The Australian government is learning firsthand just how fraught environmental conservation in Indonesia can be.
Introduced as an effort that would provide “immediate and tangible results” in Indonesia’s ongoing struggle to protect its forests, a leading initiative by Australia’s Agency for International Development (AusAID) has been “quietly but drastically scaled back” and is well behind schedule, according to recent research.
The project in Central Kalimantan’s Kapuas district was announced jointly in 2007 by President Susilo Bambang Yudhoyono and Australia’s then-foreign minister, Alexander Downer, with the aim of reflooding drained peatland, replanting deforested areas and protecting 70,000 hectares of peatland from further deforestation.
The effort, known as the Kalimantan Forests and Climate Partnership, would ultimately reduce climate change-inducing carbon dioxide emissions by 700 million tons over 30 years.
More than four years after the project’s unveiling, the reflooding target has shrunk from 200,000 hectares to 25,000 hectares, just 50,000 of an originally announced 100 million trees have been planted, and the entire undertaking is “moving forward too slowly when considered against the rapid rate of deforestation,” researchers from the Australian National University have found.

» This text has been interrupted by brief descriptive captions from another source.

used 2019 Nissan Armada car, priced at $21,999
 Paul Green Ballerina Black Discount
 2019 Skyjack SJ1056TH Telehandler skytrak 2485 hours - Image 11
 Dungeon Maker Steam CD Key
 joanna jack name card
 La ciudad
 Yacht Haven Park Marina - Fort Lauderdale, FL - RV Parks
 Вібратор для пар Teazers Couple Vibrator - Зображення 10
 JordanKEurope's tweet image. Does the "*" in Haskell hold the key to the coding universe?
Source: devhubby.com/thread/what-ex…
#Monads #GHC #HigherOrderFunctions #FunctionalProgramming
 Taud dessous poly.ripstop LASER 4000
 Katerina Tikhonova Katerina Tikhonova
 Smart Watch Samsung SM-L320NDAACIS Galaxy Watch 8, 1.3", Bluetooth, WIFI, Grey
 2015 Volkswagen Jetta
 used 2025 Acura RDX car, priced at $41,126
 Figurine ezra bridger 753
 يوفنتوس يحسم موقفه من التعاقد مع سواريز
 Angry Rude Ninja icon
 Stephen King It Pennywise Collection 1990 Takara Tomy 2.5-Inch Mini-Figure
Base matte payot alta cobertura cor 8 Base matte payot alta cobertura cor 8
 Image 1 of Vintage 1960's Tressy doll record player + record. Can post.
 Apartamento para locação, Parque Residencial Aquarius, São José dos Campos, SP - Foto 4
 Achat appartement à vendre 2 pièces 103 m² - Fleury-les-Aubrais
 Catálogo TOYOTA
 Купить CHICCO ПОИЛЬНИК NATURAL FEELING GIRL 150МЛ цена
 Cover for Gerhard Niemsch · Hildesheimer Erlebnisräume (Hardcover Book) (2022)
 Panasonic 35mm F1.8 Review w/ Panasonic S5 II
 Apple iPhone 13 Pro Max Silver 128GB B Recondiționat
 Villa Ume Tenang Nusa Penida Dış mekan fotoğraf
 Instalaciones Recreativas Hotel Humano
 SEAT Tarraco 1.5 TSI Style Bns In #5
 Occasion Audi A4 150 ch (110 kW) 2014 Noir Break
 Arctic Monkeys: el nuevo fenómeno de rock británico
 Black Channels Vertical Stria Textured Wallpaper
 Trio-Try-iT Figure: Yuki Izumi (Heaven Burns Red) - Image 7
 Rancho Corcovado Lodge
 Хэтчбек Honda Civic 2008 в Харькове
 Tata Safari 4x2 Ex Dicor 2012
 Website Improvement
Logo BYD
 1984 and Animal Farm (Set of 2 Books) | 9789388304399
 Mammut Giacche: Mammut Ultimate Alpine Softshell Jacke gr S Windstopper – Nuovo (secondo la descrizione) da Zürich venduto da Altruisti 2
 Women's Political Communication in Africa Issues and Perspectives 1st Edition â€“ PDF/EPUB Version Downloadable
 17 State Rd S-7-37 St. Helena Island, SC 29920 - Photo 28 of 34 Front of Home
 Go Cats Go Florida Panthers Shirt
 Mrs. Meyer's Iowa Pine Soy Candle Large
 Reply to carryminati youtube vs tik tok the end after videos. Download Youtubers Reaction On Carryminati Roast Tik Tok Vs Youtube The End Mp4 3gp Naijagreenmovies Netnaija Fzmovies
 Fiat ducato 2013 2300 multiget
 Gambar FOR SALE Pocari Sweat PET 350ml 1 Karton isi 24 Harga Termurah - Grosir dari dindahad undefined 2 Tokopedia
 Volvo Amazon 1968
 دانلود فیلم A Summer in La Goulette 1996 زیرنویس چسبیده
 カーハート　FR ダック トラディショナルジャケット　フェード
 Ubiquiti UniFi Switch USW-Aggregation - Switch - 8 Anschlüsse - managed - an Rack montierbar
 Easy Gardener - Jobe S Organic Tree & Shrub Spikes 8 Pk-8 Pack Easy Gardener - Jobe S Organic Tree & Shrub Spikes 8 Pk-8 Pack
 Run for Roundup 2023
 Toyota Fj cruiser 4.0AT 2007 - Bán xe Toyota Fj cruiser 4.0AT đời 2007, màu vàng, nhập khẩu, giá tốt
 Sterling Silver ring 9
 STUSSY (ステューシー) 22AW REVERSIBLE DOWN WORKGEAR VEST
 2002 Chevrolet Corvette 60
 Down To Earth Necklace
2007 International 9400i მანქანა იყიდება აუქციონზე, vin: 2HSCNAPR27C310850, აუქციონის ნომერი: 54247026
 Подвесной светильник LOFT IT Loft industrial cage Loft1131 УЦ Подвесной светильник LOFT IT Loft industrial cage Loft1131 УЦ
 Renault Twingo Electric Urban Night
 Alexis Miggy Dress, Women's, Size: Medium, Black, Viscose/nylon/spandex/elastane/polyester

“We really feel that the work we are doing on the ground, forging a path to show how REDD might work in Indonesia, is still a very valid approach and it is one of the most advanced,” Sara Moriarty, a counselor for climate change at AusAID, said last week in response to the report.
The KFCP is a “demonstration project” for REDD — reduced emissions from deforestation and forest degradation — with an emphasis on carbon-rich peat forests.
A scheme that envisions one day paying nations to conserve their forests, REDD is seen by some as an effective way for Indonesia to cut its carbon emissions, the vast majority of which come from deforestation or land use changes.
But the paper highlights serious concerns about the 47 million Australian dollar ($49 million) project’s feasibility and transparency, with a particular focus on the under-the-radar nature of the scaling back of the KFCP objectives.
“[We] could have and should have been more open and transparent with the release of information when we were revising what we were actually going to achieve through the program,” Moriarty said.
The report cites multiple factors, including insufficient funding, questions of land tenure rights and administrative hurdles, in assessing reasons for KFCP’s delays and lesser ambitions.
Having already extended the project’s implementation phase by a year to run through June 2013, Moriarty conceded that “it’s unlikely that we would meet all of the objectives in the time frame that was initially outlined,” although no official decision has yet been made.
Tim Jessup, a forests and climate specialist with AusAID, said another factor slowing progress was the emphasis placed on gaining support from local governments and indigenous Dayak populations in the project area.
“An important part of REDD is delivering and sharing benefits with local communities … but that’s not something you can do quickly,” Jessup said.
“We would be criticized much more strongly than they’ve criticized us if we’d rushed in there.”
The ANU report is not the first one critical of the KFCP. Journalists, environmentalists and indigenous rights groups have all voiced concerns in the years since the project’s inception.
Stibniati Atmadja, a researcher with the Center for International Forestry Research (Cifor) in Bogor, has conducted research at the site intermittently since 2009 as part of a global comparative study on REDD. Describing the dilemma between following REDD permitting procedures and consulting local communities as a “catch-22,” Stibniati said the project had to get the necessary permits prior to consultation.
“[In 2010] REDD was a new concept; it’s hard to explain it to the people, and I had the same problem when I was there,” she said. Conveying the meaning of REDD and KFCP is an ongoing activity, and some progress is now being seen, she added.
Jessup said KFCP finally inked cooperative agreements with all seven villages located within the site in February. The blocking of major canals, a critical component of the peatland rehydration, is expected to begin this year.
Lessons for Jambi
But against a backdrop of continued deforestation, palm oil plantations’ expansion and Indonesia’s penchant for lax law enforcement and corruption, the report asks whether it’s all too little, too late.
The ANU researchers advise AusAID to reconsider plans for a similar project in Sumatra’s Jambi province, saying it “already has its hands full with KFCP,” and should “not disperse its efforts through a second demonstration project.”
That input, along with Aus- AID’s own review of KFCP, will be considered as it weighs its ambitions in Sumatra, where the proposal is still in its infancy.
“So much has happened internationally in terms of REDD that we do feel it’s important with the second demonstration activity to be mindful of those changes,” Moriarty said. “We’re currently discussing with the government of Indonesia what that means for the Jambi project.”